Décryptage : infographie et mots-clés du sauvetage
31 mars 2022
LA BOUSSOLE : la newsletter des collectivités solidaires #2

 

La carte-infographie ci-dessous représente les principales routes de migration et la répartition des zones de recherche et de sauvetage en Méditerranée. Chiffres à l’appui, elle met en évidence la nécessité d’agir pour sauver des vies en Méditerranée centrale, axe migratoire le plus mortel au monde.

Cliquez sur l’image pour l’ouvrir en grand format.

Zone SAR (Search And Rescue)

Zone de dimensions déterminées dans les limites de laquelle un Etat prend la responsabilité de coordonner et fournir des services de recherche et de sauvetage. Elle comprend les eaux territoriales et internationales.

  • L’Ocean Viking intervient en Méditerranée centrale qui comprend les zones SAR de la Libye, de l’Italie et de Malte. Chacun de ces Etats est responsable, dans sa zone SAR, de la recherche et du sauvetage des personnes en détresse via ses services et équipements.

Eaux territoriales 

Eaux s’étendant jusqu’à 12 milles marins (environ 20 kilomètres) du rivage d’un Etat côtier. Les eaux territoriales relèvent de la souveraineté de l’Etat, mais les navires étrangers (civils) disposent d’un droit de passage inoffensif. 


Eaux internationales  

Eaux situées au-delà des 12 milles marins – hors des eaux territoriales d’un Etat.  

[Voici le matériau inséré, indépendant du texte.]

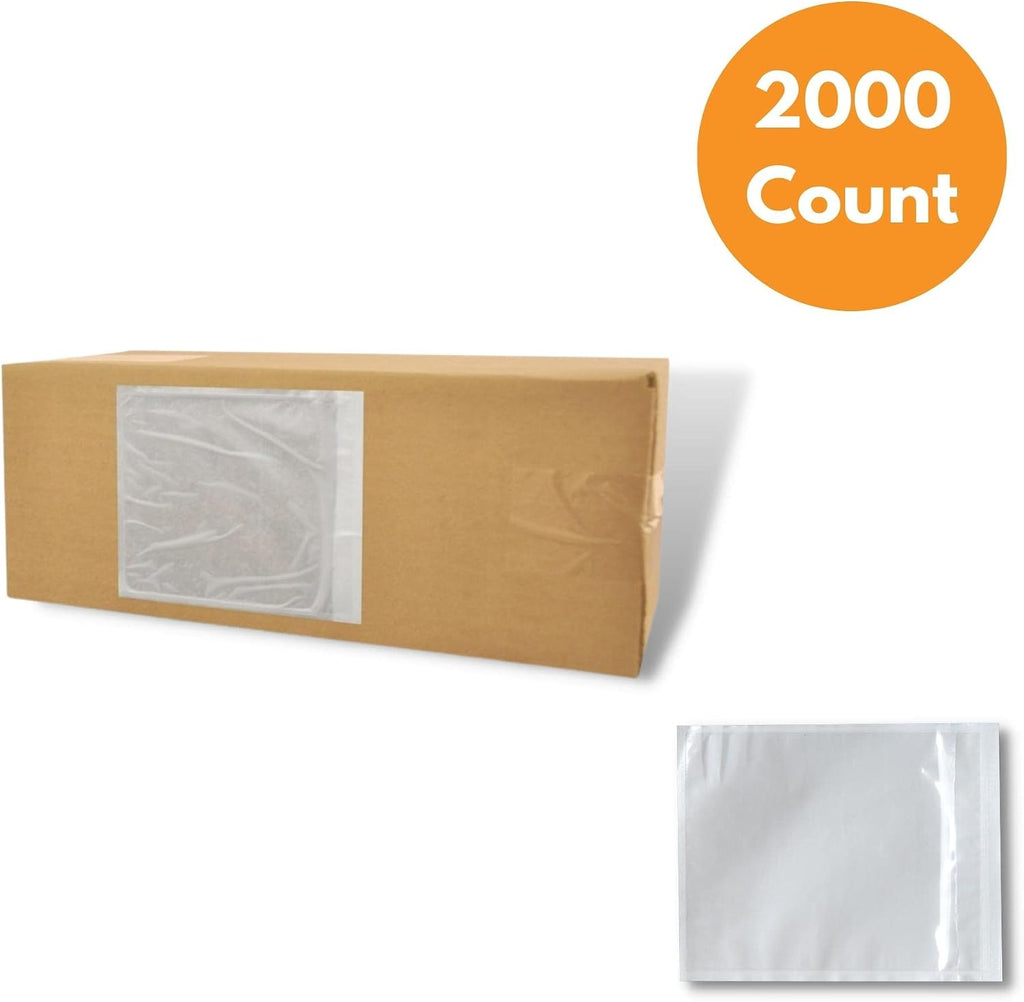 PSBM 2000 PCS 7 x 10 Inch Clear Blank Packing List Envelopes, Shipping Documents Pouches/Sleeves for Mailing Labels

  • L’Ocean Viking effectue des opérations de recherche et de sauvetage dans les eaux internationales entre la Libye et l’Italie. Il n’intervient jamais dans les eaux territoriales libyennes.

Centre de coordination et de sauvetage en mer (MRCC) 

Centre chargé d’assurer l’organisation efficace des services de recherche et de sauvetage et de coordonner ces opérations dans une zone SAR. 

  • Les MRCC de Rome et Malte sont concernés par la Méditerranée centrale. Depuis 2018, la coordination des opérations SAR en Méditerranée centrale est déléguée à la Libye via le Centre de coordination des secours joint (JRCC) de Tripoli. Les équipes de l’Ocean Viking interviennent en Méditerranée centrale, conformément aux règles maritimes internationales en tenant systématiquement informés le JRCC, autorité responsable, et les MRCC compétents avant et après toute opération de sauvetage. 

Crédits : Rodho


Etat du pavillon  

Etat qui a immatriculé le navire, et qui, par conséquent, a l’autorité et la responsabilité du navire.

  • L’Ocean Viking bat pavillon norvégien.  En 2018, le précédent navire de SOS MEDTERRANEE, l’Aquarius, a perdu à deux reprises son pavillon d’abord celui de Gibraltar puis celui du Panama. Ces dépavillonages qui n’étaient motivés par aucune raison technique ont été la conséquence de pressions politiques exercées sur ces Etats pour bloquer le navire et l’empêcher de mener à bien sa mission humanitaire.

Situation de détresse 

Situation dans laquelle il y a lieu de penser qu’un navire ou une personne est menacée d’un danger grave et imminent et qu’il a besoin d’un secours immédiat. Il incombe au capitaine de tout navire le devoir de secourir quiconque est trouvé en péril en mer, sauf dans le cas où le fait de porter assistance entraîne un risque grave pour son équipage, ses passagers et son navire. 

Crédits : Rodho


Sauvetage  

Opération visant à secourir des personnes en détresse, subvenir à leurs besoins élémentaires (nourriture, abri, soins médicaux) et à les transporter vers un lieu sûr. 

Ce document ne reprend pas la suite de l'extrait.